**Data to process:**
BEGIN

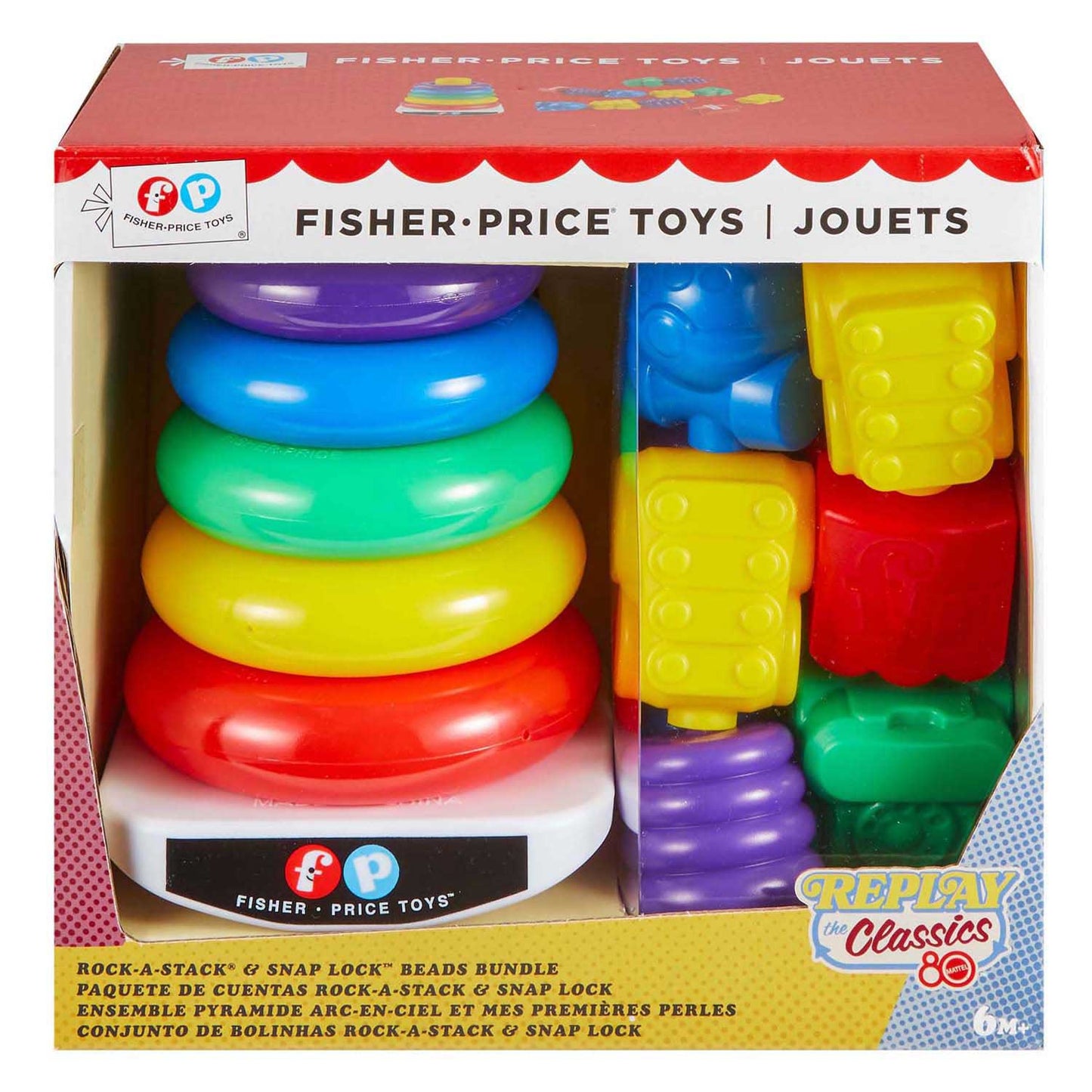 Stapelturm und Klickperlen von Fisher Price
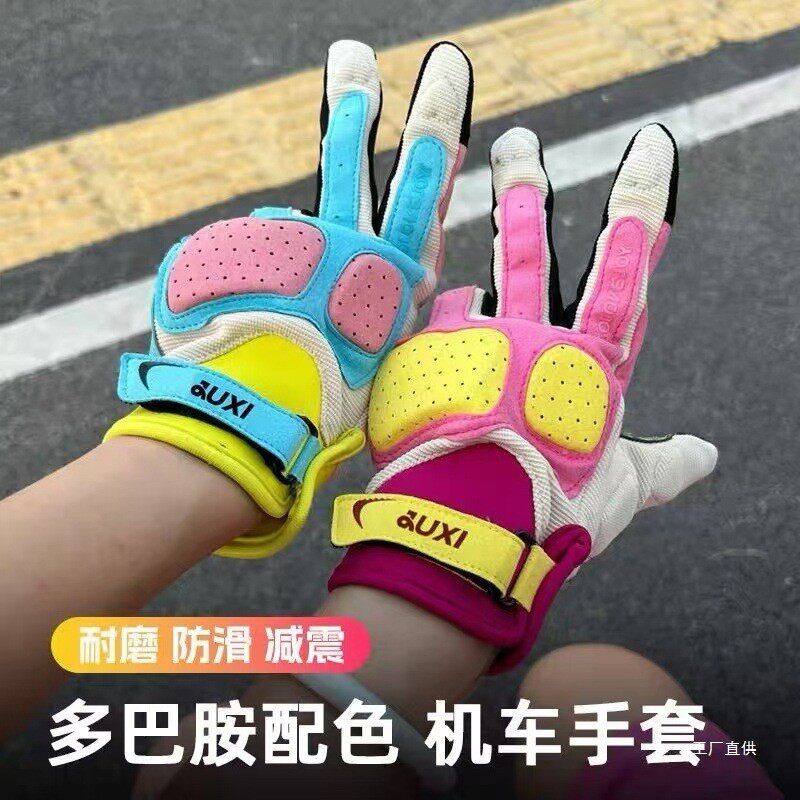 马卡龙耐磨骑行摩托车手套薄款防滑女男骑士机车复古赛车夏季展驰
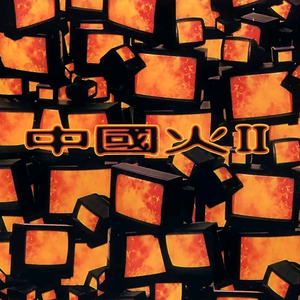 张柏芝陈冠希做爰视频
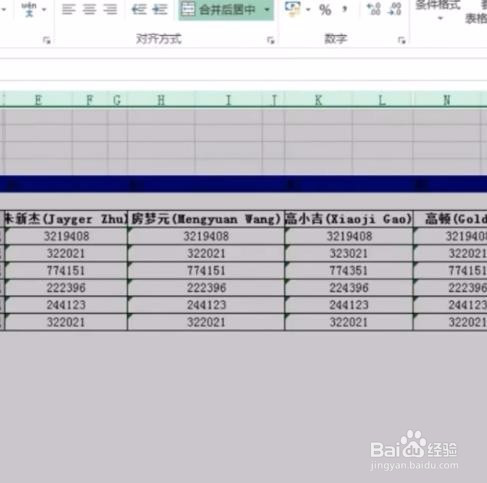 excel 怎樣一秒調整表格?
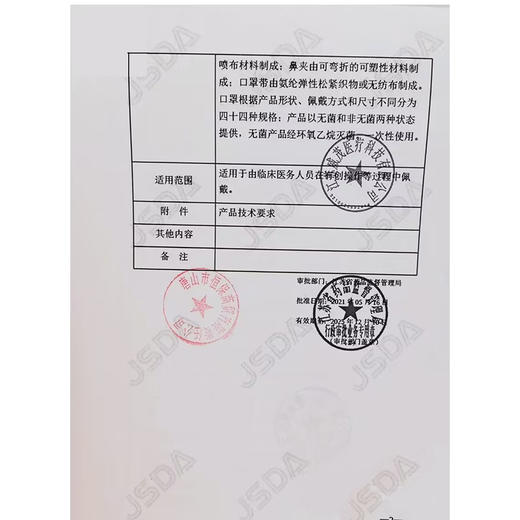 永衡良品,医用外科口罩(折叠C型) 【S号,大眼恐龙】 商品图3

END

None of the pictures should appear; the rest of the entries must be reproduced exactly.

 Stapelturm und Klickperlen von Fisher Price
 马卡龙耐磨骑行摩托车手套薄款防滑女男骑士机车复古赛车夏季展驰
 张柏芝陈冠希做爰视频
 excel 怎樣一秒調整表格?
 永衡良品,医用外科口罩(折叠C型) 【S号,大眼恐龙】 商品图3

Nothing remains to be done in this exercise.